__Work item__:
Nothing but the lines from the one containing "シェモアII(2LDK/2階)の間取り写真" through the one containing "Metal Hose Reel", both included, should be given again, each exactly as written below.

(Source material Opens)

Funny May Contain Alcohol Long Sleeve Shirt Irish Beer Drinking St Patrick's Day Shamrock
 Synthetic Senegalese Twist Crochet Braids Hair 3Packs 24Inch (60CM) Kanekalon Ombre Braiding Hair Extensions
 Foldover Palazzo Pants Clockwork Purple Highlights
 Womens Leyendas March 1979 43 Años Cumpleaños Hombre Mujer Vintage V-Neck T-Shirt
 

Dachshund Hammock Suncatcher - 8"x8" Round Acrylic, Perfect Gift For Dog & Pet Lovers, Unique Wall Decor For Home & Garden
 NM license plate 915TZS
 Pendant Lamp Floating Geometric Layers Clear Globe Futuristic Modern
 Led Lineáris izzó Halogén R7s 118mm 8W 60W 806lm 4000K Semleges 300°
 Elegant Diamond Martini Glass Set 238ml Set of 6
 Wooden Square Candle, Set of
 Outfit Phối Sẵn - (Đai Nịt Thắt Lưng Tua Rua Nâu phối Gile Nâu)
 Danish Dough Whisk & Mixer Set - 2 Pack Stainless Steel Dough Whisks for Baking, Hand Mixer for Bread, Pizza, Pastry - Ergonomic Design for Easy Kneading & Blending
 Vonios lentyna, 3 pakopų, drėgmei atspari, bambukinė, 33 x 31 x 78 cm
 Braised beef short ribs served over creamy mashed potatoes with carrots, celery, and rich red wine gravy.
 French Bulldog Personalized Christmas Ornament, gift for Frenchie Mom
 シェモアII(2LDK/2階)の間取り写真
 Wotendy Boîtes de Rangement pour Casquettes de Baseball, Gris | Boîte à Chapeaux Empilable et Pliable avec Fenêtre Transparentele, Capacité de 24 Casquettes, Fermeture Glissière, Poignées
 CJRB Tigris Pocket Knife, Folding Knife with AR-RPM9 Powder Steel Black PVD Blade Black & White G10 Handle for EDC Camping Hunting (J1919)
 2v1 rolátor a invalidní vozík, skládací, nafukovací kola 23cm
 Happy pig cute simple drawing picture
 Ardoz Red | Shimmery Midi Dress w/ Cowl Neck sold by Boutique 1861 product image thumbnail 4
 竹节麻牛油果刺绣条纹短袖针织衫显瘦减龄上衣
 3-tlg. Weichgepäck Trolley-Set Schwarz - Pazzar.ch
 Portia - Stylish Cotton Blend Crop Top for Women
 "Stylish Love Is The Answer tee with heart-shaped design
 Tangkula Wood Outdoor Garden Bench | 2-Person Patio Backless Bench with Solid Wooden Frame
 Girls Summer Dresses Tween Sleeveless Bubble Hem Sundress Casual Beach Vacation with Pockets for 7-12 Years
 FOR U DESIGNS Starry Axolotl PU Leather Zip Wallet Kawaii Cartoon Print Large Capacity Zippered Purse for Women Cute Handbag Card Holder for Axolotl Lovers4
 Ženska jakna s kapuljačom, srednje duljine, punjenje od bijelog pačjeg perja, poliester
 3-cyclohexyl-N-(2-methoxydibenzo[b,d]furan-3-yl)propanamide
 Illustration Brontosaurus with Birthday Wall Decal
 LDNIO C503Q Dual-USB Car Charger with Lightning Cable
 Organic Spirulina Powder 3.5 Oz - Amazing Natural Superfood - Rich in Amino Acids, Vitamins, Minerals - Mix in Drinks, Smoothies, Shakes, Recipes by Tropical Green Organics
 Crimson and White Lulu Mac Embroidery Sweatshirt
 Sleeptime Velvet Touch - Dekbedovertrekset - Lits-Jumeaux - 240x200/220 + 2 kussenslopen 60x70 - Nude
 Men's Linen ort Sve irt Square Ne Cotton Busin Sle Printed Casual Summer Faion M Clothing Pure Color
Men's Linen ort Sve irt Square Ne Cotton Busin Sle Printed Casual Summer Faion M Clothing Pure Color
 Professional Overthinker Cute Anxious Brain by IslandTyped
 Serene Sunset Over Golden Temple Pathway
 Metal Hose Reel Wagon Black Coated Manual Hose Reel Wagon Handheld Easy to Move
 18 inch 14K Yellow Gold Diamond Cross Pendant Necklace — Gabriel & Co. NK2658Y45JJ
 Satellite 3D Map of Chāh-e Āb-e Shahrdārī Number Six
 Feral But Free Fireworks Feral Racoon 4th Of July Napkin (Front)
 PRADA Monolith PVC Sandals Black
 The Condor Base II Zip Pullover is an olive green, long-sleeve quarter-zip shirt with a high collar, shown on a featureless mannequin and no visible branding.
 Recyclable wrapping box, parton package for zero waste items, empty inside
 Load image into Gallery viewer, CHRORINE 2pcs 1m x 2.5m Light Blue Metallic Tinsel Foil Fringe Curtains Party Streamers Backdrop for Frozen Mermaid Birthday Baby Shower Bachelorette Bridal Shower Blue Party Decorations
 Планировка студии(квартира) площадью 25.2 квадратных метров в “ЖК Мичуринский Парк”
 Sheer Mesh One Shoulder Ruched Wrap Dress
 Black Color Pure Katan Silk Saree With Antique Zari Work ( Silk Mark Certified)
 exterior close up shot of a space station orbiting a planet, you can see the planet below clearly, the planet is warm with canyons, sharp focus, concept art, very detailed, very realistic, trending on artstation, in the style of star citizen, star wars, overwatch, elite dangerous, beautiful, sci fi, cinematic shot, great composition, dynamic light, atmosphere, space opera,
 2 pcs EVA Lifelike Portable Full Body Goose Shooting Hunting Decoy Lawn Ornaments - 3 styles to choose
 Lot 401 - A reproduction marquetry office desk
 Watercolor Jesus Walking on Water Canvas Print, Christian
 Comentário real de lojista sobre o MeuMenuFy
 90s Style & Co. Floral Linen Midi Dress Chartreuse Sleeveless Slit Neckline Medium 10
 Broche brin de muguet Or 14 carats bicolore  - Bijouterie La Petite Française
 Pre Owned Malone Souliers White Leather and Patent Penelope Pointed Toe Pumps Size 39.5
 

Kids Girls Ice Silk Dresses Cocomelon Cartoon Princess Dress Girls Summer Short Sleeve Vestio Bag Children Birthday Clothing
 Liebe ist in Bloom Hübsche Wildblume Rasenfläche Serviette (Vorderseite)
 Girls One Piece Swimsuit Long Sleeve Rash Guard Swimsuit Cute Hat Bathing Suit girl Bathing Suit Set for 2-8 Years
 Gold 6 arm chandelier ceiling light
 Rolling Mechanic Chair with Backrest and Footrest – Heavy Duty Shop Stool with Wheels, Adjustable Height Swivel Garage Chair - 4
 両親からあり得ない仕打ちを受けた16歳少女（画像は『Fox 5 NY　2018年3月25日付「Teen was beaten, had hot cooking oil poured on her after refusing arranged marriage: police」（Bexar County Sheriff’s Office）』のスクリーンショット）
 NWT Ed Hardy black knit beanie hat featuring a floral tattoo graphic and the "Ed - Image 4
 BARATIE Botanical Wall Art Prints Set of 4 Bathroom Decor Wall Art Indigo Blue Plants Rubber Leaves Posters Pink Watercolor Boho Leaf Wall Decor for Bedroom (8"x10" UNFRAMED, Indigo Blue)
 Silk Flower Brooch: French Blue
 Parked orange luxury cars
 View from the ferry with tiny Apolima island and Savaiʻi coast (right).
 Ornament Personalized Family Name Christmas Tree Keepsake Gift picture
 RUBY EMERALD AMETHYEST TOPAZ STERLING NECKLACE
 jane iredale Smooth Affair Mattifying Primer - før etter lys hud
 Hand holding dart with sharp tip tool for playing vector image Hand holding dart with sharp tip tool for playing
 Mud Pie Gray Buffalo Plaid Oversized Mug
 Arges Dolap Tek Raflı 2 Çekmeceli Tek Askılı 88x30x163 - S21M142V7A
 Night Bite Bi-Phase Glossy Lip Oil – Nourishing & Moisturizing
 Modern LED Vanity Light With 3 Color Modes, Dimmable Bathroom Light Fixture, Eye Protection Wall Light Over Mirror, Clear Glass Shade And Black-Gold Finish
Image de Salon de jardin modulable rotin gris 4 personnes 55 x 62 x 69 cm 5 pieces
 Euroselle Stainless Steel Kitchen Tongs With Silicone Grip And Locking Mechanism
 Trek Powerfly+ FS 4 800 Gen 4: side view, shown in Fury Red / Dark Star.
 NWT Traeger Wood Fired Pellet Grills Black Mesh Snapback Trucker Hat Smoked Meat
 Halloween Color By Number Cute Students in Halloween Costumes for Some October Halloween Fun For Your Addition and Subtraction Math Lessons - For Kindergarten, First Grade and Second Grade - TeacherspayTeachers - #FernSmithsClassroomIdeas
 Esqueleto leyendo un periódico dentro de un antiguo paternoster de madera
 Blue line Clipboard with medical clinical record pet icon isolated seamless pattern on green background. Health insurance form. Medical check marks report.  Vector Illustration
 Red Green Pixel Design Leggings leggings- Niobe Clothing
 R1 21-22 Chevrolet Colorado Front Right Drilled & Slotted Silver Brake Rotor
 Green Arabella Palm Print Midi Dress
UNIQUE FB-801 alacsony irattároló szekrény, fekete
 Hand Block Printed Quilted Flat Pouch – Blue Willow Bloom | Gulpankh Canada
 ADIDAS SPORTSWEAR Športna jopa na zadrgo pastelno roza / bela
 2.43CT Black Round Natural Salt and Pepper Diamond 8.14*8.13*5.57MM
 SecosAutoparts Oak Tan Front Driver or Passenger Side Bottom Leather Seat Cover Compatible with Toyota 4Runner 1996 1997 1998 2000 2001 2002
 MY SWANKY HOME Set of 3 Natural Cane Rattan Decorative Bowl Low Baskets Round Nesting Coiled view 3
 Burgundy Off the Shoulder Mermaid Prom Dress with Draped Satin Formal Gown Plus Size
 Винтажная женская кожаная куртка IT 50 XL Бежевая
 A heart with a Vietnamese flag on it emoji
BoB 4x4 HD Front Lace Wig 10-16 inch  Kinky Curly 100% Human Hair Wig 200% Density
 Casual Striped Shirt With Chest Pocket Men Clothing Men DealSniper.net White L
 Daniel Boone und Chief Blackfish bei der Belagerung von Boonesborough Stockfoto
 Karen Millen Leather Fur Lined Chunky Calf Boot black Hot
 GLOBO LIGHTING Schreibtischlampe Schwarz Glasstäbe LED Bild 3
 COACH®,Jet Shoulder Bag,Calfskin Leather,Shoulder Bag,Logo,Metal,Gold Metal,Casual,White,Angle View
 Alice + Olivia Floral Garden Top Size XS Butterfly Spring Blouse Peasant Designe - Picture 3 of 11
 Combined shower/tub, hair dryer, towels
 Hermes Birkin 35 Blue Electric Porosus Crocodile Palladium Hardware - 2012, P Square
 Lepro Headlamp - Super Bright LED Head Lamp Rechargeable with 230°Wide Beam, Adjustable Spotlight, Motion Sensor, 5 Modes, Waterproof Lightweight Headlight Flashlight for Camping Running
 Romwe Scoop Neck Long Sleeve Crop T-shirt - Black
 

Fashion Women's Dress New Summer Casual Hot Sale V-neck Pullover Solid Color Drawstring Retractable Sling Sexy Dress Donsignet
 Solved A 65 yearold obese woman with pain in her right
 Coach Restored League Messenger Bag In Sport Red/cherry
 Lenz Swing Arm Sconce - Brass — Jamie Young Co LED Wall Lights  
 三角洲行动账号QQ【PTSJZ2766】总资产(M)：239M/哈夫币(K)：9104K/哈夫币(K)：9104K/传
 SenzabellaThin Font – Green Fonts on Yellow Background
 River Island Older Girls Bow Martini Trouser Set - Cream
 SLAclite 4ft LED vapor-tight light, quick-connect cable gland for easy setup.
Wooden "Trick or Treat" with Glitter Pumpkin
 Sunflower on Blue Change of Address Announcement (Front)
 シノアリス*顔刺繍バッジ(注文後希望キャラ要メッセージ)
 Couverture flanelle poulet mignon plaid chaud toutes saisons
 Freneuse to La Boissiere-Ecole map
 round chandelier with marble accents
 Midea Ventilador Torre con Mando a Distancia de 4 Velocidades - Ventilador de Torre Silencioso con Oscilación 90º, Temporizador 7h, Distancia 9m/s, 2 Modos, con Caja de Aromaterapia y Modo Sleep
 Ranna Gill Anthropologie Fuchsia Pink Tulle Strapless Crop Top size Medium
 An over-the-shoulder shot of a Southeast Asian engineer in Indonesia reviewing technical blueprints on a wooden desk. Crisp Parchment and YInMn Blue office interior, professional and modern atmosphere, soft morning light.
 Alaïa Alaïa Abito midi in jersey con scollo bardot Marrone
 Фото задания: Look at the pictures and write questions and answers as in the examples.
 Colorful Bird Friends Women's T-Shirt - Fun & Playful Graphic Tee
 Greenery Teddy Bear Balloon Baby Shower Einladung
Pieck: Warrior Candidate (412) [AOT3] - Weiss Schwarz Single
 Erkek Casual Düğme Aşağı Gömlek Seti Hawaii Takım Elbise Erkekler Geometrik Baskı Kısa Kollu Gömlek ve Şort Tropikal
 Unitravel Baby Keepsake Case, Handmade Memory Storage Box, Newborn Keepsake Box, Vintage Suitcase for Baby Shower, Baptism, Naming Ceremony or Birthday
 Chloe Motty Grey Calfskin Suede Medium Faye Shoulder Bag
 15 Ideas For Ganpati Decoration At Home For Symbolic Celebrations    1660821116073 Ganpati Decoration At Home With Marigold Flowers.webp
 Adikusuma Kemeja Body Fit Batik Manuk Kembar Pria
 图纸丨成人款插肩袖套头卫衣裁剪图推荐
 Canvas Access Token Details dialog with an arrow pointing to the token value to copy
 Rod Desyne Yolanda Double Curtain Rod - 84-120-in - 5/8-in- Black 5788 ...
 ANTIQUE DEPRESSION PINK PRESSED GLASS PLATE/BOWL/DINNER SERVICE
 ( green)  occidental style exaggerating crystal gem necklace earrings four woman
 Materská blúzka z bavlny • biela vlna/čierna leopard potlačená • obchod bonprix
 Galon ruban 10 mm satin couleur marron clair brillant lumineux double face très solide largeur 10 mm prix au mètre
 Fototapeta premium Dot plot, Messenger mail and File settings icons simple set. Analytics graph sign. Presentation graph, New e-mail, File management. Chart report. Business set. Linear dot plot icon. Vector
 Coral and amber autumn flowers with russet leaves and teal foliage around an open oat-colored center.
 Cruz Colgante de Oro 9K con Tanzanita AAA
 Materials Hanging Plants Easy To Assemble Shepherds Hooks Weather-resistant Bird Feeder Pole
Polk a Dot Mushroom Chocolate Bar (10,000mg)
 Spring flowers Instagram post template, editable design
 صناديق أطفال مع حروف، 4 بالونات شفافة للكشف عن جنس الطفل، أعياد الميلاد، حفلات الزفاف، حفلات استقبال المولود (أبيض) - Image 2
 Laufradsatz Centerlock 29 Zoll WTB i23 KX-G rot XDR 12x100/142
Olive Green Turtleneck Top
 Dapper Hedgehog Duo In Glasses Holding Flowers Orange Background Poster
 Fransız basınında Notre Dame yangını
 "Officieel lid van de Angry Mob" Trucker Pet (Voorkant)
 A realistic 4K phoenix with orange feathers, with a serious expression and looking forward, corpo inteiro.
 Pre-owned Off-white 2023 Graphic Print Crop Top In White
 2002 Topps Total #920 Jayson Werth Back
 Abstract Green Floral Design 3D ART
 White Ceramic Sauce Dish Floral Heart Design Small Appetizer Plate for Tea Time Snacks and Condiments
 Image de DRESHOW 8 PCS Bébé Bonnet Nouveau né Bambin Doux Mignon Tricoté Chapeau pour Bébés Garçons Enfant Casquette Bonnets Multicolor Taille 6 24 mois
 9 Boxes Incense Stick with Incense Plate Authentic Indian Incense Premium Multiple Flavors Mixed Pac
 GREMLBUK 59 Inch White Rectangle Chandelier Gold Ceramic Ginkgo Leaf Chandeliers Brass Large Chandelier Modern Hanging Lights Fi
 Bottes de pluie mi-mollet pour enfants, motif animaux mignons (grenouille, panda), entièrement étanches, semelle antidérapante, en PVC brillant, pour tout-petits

(Source material Closes)

__Solution to this problem__:
 シェモアII(2LDK/2階)の間取り写真
 Wotendy Boîtes de Rangement pour Casquettes de Baseball, Gris | Boîte à Chapeaux Empilable et Pliable avec Fenêtre Transparentele, Capacité de 24 Casquettes, Fermeture Glissière, Poignées
 CJRB Tigris Pocket Knife, Folding Knife with AR-RPM9 Powder Steel Black PVD Blade Black & White G10 Handle for EDC Camping Hunting (J1919)
 2v1 rolátor a invalidní vozík, skládací, nafukovací kola 23cm
 Happy pig cute simple drawing picture
 Ardoz Red | Shimmery Midi Dress w/ Cowl Neck sold by Boutique 1861 product image thumbnail 4
 竹节麻牛油果刺绣条纹短袖针织衫显瘦减龄上衣
 3-tlg. Weichgepäck Trolley-Set Schwarz - Pazzar.ch
 Portia - Stylish Cotton Blend Crop Top for Women
 "Stylish Love Is The Answer tee with heart-shaped design
 Tangkula Wood Outdoor Garden Bench | 2-Person Patio Backless Bench with Solid Wooden Frame
 Girls Summer Dresses Tween Sleeveless Bubble Hem Sundress Casual Beach Vacation with Pockets for 7-12 Years
 FOR U DESIGNS Starry Axolotl PU Leather Zip Wallet Kawaii Cartoon Print Large Capacity Zippered Purse for Women Cute Handbag Card Holder for Axolotl Lovers4
 Ženska jakna s kapuljačom, srednje duljine, punjenje od bijelog pačjeg perja, poliester
 3-cyclohexyl-N-(2-methoxydibenzo[b,d]furan-3-yl)propanamide
 Illustration Brontosaurus with Birthday Wall Decal
 LDNIO C503Q Dual-USB Car Charger with Lightning Cable
 Organic Spirulina Powder 3.5 Oz - Amazing Natural Superfood - Rich in Amino Acids, Vitamins, Minerals - Mix in Drinks, Smoothies, Shakes, Recipes by Tropical Green Organics
 Crimson and White Lulu Mac Embroidery Sweatshirt
 Sleeptime Velvet Touch - Dekbedovertrekset - Lits-Jumeaux - 240x200/220 + 2 kussenslopen 60x70 - Nude
 Men's Linen ort Sve irt Square Ne Cotton Busin Sle Printed Casual Summer Faion M Clothing Pure Color
Men's Linen ort Sve irt Square Ne Cotton Busin Sle Printed Casual Summer Faion M Clothing Pure Color
 Professional Overthinker Cute Anxious Brain by IslandTyped
 Serene Sunset Over Golden Temple Pathway
 Metal Hose Reel Wagon Black Coated Manual Hose Reel Wagon Handheld Easy to Move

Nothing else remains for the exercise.